Stars and Constellations

(click on image to enlarge)
The rotating sphere shows the major stars of the constellations. You may have trouble at first recognizing some of the constellations; they will be backwards from what you are accustomed to because you are viewing them from outside the celestial sphere. You can use the mouse (as described below) to zoom to the inside of the celestial sphere, where the constellations will look like they normally do in the night sky.

Gravity Wave Observatories

Each of the "L" shaped markers on the starsphere represents the current zenith position (point directly upward) for one of the instruments which collects the data analyzed by Einstein@Home. The "L" shape comes from the fact that the detectors are basically very large Michelson interferometers. The orientation of the detectors is correct, but they are not to scale.
  LIGO Hanford Observatory (LHO),
Hanford, Washington, USA, (N 46.45°, W 119.41°)
consisting of two interferometers, one with 4km arms (H1) and one with 2km arms (H2).
  LIGO Livingston Observatory (LLO),
Livingston, Louisiana, USA, (N 30.56°, W 90.77°)
consisting of one interferometer with 4km arms (L1).
  GEO600,
Hanover, Germany, (N 52.24°, E 9.81°)
consisting of one interferometer with 600m arms.
If you have set your system clock to the correct time then the instruments will be shown in the correct relationship to the stars on the celestial sphere.

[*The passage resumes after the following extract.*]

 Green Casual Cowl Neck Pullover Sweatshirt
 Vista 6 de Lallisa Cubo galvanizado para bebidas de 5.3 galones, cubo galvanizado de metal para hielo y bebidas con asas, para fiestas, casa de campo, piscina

If you watch over the period of a day you will see that they move around the celestial sphere once in a period of 24 hours.

Pulsars and Supernovae Remnants (SNRs)

The purple dots represent the known pulsars, which have been detected electromagnetically. Notice that these are clustered in the plane of our galaxy (the Milky Way), predominantly toward the center of the galaxy. You may also notice two small clusters of pulsars in the celestial southern hemisphere. These pulsars are located in the large or small Magellanic Clouds.

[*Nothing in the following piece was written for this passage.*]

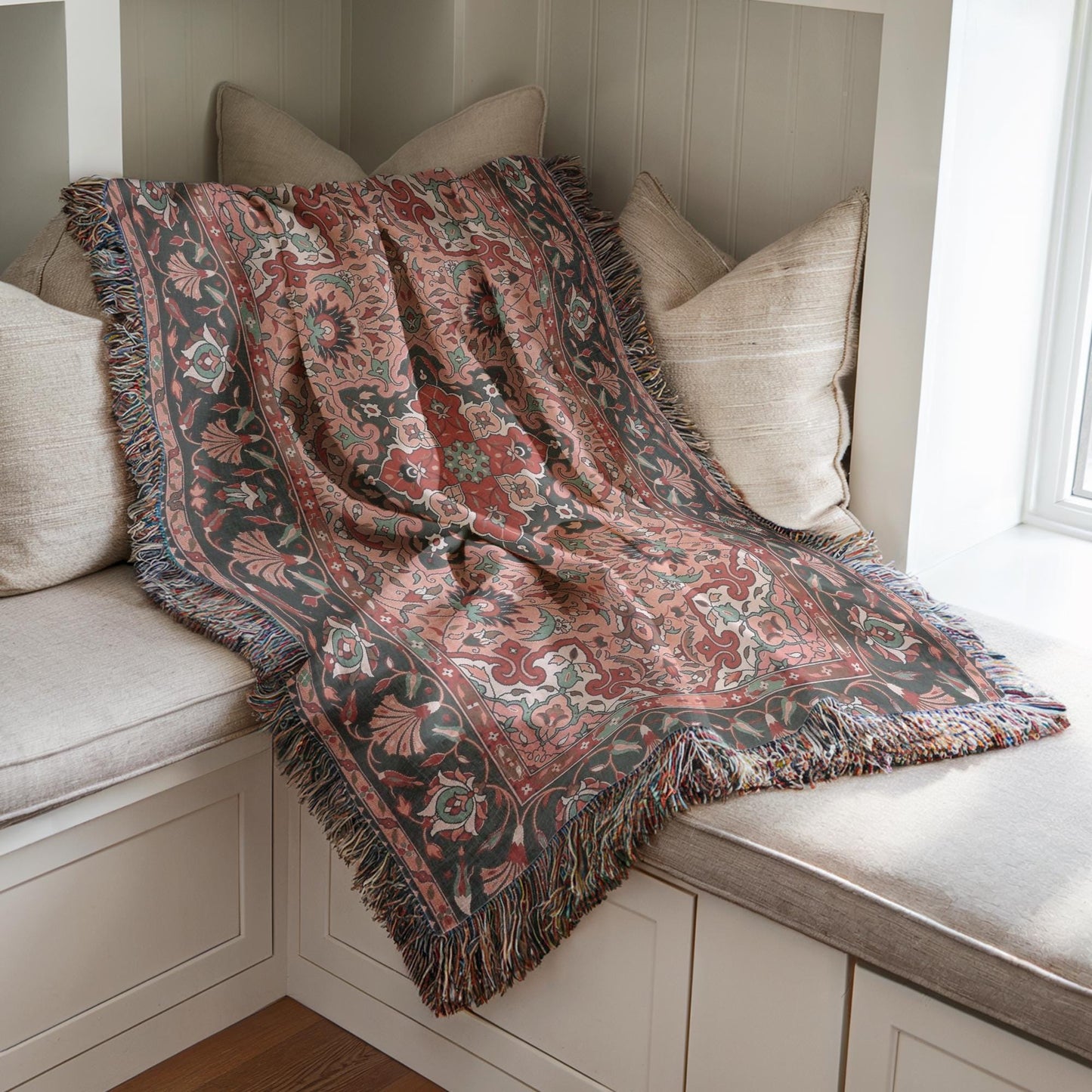 Anatolian Inspired woven blanket with rug-style pattern styled for layered home decor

The dark red dots represent the known supernova remnants. These are also clustered toward the center of the galaxy. Supernovae remnants are of particular interest for gravity wave hunters because some of these supernovae may have left behind a pulsar or spinning neutron star which might produce periodic gravity waves.

Search Marker

The orange marker shaped somewhat like a gun-sight represents the current position in the sky which is being searched. The location is also noted in the lower right corner in celestial coordinates (Right Ascension and Declination). You will see this marker move from point to point as the search progresses. Details on how we search for gravity waves coming from a particular source will be linked from here sometime in the future.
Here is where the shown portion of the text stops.